> **Data under study**

────

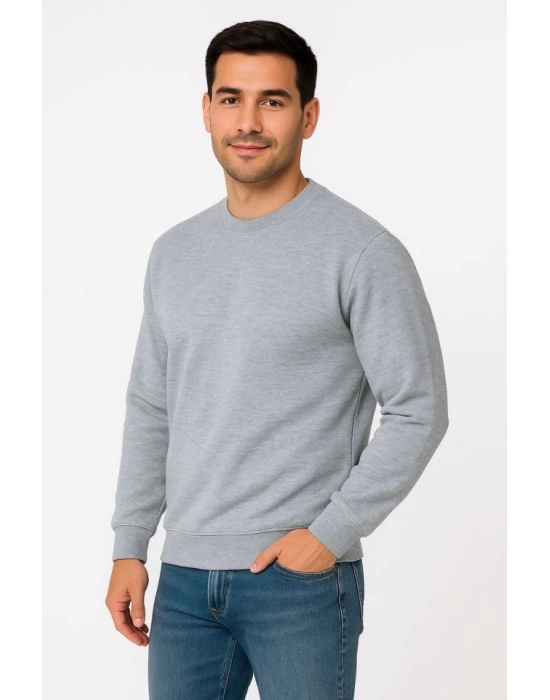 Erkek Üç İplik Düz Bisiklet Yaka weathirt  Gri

────

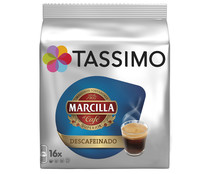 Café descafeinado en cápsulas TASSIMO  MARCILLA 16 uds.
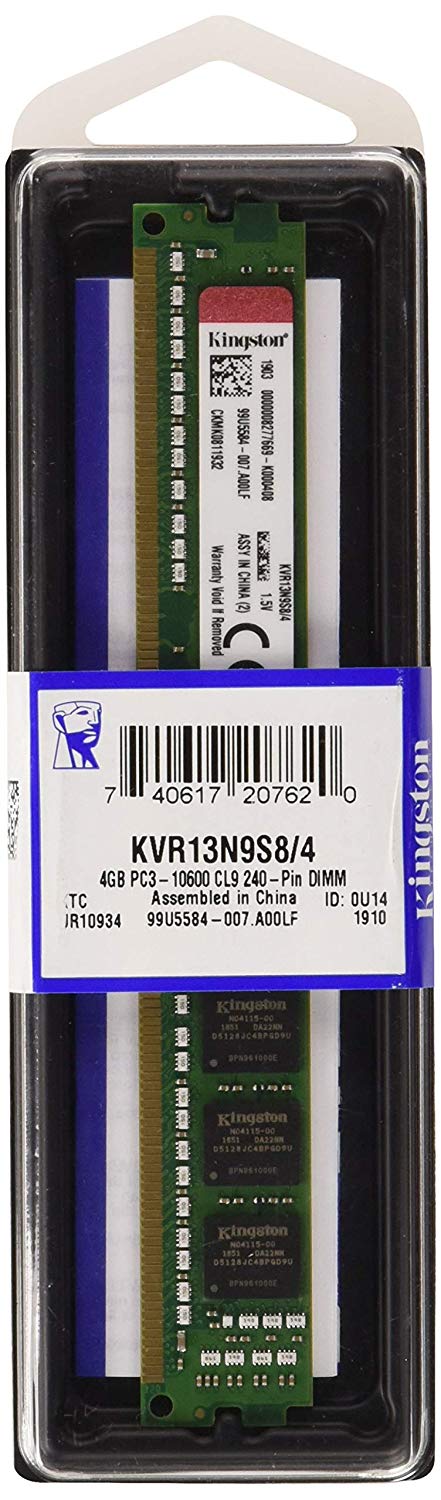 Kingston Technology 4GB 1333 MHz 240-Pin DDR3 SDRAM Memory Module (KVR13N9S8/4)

────

> **Exercise brief**
Among the entries above, locate the line with "Café descafeinado en" and the line with "Kingston Technology 4GB". Give those two lines and all lines between them again, exactly, leaving out the pictures.

> **Exercise answer**
 Café descafeinado en cápsulas TASSIMO  MARCILLA 16 uds.
 Kingston Technology 4GB 1333 MHz 240-Pin DDR3 SDRAM Memory Module (KVR13N9S8/4)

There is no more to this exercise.